If a line of the data below holds the string "Silver", copy it.

DATA FOR PROCESSING Start Marker

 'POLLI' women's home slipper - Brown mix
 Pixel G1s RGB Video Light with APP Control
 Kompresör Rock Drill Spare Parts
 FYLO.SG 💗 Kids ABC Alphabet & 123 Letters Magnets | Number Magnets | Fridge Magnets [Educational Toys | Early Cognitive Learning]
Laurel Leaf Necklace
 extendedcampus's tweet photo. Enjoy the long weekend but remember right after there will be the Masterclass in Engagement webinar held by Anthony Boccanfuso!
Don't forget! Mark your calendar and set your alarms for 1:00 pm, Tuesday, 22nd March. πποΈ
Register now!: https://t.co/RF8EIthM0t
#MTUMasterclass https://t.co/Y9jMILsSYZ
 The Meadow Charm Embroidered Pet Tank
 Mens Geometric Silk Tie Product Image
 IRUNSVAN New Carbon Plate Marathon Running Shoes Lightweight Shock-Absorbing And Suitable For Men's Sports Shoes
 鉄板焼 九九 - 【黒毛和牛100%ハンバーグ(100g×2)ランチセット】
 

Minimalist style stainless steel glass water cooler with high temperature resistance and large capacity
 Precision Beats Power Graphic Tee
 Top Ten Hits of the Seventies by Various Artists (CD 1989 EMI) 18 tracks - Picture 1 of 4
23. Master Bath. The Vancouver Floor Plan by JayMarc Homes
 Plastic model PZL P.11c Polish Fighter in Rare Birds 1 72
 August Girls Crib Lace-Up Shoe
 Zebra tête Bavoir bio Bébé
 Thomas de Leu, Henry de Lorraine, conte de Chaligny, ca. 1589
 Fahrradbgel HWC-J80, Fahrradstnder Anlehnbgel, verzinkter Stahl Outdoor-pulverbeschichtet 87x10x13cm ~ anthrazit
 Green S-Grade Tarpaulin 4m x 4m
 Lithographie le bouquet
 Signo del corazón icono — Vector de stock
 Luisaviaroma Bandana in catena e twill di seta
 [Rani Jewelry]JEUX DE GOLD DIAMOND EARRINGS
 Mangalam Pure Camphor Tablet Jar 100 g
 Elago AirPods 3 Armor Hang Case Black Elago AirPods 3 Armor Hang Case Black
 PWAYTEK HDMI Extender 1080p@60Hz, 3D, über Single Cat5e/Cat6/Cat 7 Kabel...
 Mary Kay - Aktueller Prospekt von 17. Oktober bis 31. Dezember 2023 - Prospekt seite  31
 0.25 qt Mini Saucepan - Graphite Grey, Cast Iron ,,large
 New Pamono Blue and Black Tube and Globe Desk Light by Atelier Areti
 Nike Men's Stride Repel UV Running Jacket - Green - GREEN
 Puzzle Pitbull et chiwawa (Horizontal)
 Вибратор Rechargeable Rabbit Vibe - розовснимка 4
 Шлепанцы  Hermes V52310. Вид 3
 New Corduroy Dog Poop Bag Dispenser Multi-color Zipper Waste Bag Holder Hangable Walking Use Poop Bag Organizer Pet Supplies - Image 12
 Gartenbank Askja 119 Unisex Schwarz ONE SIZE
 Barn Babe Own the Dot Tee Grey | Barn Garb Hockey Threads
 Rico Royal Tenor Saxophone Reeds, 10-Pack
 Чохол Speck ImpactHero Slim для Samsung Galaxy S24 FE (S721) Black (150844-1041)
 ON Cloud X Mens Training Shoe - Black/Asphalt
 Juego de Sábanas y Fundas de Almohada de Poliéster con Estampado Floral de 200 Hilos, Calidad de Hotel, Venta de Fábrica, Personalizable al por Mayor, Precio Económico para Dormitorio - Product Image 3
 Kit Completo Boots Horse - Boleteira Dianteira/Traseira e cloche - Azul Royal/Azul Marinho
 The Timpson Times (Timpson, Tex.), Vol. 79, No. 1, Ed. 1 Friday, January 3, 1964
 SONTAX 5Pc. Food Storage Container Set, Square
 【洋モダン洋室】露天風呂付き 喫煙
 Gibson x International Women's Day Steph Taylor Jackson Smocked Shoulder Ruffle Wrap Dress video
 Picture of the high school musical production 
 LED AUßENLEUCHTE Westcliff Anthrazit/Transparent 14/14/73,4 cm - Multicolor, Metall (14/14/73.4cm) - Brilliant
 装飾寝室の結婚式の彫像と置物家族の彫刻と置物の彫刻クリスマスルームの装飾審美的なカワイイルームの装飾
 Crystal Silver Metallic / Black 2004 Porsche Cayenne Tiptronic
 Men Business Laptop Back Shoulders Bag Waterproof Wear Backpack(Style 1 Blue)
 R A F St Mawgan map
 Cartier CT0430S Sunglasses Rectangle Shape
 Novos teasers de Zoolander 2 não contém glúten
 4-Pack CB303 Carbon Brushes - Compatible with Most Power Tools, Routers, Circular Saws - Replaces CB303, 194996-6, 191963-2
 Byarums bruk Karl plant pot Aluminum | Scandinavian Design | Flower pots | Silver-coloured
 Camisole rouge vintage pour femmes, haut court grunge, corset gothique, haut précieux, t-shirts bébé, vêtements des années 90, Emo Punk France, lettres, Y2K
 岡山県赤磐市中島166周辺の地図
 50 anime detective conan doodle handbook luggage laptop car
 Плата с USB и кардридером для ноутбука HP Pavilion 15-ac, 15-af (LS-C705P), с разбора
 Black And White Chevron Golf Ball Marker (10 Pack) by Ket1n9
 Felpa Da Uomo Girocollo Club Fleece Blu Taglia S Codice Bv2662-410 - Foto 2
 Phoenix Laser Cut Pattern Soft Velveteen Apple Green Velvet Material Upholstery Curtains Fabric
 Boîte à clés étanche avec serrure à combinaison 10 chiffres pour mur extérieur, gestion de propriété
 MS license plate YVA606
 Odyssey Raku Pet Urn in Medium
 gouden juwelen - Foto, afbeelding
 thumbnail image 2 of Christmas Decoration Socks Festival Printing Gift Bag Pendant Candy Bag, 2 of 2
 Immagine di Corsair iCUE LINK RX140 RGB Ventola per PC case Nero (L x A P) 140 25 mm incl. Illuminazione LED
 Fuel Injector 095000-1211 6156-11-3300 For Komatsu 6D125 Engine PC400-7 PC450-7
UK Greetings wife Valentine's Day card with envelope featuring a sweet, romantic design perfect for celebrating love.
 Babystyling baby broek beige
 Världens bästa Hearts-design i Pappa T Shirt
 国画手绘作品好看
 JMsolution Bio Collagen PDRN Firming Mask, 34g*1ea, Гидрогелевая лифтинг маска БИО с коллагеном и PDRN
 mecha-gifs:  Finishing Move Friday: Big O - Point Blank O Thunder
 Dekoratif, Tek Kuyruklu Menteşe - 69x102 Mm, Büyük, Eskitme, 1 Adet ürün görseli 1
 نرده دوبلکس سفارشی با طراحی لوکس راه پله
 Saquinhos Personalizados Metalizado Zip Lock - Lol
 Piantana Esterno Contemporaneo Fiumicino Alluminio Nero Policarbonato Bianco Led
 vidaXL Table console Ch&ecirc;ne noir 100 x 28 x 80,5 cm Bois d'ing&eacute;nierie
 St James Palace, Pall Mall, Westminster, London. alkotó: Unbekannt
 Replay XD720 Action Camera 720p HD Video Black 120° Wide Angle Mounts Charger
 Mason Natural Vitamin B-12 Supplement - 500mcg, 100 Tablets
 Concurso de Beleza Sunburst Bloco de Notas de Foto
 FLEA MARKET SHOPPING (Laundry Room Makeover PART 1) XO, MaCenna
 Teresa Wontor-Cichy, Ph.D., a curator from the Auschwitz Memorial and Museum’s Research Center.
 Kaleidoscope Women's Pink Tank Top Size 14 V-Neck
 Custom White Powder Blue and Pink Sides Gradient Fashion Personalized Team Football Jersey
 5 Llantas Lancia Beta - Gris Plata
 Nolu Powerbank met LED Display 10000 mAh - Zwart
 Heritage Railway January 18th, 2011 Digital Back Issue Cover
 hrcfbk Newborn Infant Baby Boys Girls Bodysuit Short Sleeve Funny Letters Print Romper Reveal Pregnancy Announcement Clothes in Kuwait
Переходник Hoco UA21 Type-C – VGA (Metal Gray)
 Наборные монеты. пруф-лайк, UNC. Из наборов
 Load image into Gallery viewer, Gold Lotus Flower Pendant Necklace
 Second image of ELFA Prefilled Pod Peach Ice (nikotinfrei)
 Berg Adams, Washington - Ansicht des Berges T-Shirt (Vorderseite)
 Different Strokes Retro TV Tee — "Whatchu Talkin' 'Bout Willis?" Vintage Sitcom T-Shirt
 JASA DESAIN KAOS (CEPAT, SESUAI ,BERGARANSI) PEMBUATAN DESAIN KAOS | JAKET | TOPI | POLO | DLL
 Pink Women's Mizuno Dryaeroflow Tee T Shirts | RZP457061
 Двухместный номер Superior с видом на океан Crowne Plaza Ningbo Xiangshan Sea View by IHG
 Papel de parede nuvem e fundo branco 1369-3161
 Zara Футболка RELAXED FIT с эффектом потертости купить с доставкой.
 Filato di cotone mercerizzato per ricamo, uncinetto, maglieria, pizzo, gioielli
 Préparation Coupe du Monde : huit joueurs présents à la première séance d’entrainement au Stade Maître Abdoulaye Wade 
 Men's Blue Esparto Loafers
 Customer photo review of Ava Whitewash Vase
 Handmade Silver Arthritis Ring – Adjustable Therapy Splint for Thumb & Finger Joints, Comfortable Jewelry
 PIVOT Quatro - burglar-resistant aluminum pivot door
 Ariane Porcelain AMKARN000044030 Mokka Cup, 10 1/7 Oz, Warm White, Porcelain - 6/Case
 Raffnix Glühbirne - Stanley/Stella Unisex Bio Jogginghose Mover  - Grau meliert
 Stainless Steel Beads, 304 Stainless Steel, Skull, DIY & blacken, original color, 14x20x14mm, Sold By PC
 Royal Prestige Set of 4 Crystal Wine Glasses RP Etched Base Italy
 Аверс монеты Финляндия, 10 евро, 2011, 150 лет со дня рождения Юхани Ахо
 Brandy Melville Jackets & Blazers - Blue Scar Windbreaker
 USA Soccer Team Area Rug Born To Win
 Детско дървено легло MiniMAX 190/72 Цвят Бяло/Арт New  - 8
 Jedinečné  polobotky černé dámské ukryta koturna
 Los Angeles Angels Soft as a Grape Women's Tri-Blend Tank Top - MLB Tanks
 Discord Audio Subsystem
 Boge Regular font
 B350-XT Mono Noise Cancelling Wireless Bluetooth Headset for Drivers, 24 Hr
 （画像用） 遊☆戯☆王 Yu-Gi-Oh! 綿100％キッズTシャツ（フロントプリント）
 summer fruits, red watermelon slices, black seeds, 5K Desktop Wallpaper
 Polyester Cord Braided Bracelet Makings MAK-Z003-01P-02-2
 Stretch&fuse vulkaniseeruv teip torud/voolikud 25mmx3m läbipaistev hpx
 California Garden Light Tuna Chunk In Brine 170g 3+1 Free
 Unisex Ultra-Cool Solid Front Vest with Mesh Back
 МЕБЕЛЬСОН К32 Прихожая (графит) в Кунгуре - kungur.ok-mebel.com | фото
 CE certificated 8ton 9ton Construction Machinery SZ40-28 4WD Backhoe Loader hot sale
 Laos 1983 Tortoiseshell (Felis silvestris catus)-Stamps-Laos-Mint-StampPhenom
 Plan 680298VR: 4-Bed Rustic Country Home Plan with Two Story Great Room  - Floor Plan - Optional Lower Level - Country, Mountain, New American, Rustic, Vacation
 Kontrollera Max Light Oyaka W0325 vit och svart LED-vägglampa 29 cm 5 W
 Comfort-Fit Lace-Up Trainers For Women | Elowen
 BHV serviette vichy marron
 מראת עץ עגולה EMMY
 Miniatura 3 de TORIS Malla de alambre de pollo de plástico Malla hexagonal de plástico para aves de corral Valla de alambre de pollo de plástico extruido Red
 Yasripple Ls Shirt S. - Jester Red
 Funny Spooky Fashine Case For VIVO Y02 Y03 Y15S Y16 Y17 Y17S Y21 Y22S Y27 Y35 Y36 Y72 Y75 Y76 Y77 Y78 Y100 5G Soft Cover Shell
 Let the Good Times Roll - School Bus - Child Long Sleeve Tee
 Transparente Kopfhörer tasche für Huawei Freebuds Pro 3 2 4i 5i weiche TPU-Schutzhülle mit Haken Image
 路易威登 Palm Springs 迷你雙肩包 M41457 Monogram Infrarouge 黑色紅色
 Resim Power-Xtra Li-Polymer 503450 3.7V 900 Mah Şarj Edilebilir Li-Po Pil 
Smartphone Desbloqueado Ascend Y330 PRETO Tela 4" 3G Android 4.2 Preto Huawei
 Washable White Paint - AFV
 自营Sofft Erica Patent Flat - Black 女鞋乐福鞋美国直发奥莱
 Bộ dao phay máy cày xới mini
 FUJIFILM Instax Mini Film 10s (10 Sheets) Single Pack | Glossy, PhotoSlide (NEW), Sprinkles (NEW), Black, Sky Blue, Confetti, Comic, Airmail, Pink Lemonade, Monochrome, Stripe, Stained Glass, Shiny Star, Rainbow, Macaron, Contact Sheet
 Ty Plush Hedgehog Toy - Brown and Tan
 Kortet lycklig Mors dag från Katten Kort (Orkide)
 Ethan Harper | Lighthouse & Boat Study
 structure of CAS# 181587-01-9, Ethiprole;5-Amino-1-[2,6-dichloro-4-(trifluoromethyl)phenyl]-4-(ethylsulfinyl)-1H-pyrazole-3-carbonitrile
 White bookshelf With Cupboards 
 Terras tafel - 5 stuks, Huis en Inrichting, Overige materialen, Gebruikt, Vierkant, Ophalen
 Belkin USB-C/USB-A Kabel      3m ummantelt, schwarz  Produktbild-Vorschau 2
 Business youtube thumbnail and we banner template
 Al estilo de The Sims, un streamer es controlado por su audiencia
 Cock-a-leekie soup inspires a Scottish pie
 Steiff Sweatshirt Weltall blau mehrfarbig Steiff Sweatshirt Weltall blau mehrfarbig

DATA FOR PROCESSING End Marker

§ **THE COMPLETED TASK**:
 Crystal Silver Metallic / Black 2004 Porsche Cayenne Tiptronic
 Byarums bruk Karl plant pot Aluminum | Scandinavian Design | Flower pots | Silver-coloured
 Handmade Silver Arthritis Ring – Adjustable Therapy Splint for Thumb & Finger Joints, Comfortable Jewelry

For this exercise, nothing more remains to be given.